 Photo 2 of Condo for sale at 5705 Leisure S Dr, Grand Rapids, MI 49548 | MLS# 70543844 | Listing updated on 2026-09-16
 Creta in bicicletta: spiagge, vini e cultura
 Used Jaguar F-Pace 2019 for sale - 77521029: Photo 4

- - -

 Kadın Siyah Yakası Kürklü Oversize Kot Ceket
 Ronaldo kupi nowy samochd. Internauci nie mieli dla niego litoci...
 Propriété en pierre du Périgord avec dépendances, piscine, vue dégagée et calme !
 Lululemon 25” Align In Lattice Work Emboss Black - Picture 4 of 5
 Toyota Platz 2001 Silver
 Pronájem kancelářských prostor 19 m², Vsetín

- - -

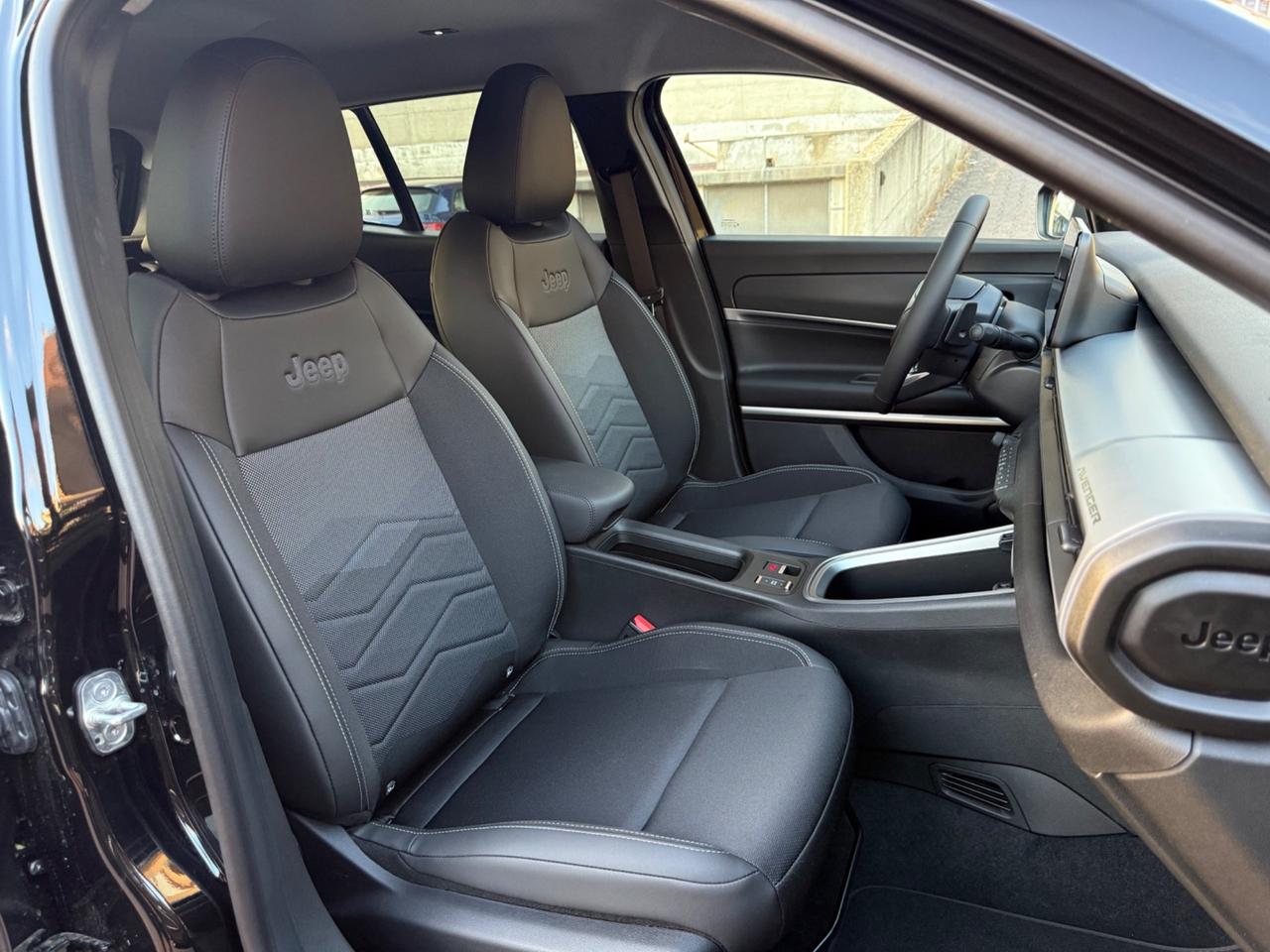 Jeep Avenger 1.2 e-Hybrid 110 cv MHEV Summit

- - -

Could you restate word for word the lines above from the one containing "Ronaldo kupi nowy" through the one containing "Pronájem kancelářských prostor 19 m², Vsetín", both included, and nothing else?

= Written solution =
 Ronaldo kupi nowy samochd. Internauci nie mieli dla niego litoci...
 Propriété en pierre du Périgord avec dépendances, piscine, vue dégagée et calme !
 Lululemon 25” Align In Lattice Work Emboss Black - Picture 4 of 5
 Toyota Platz 2001 Silver
 Pronájem kancelářských prostor 19 m², Vsetín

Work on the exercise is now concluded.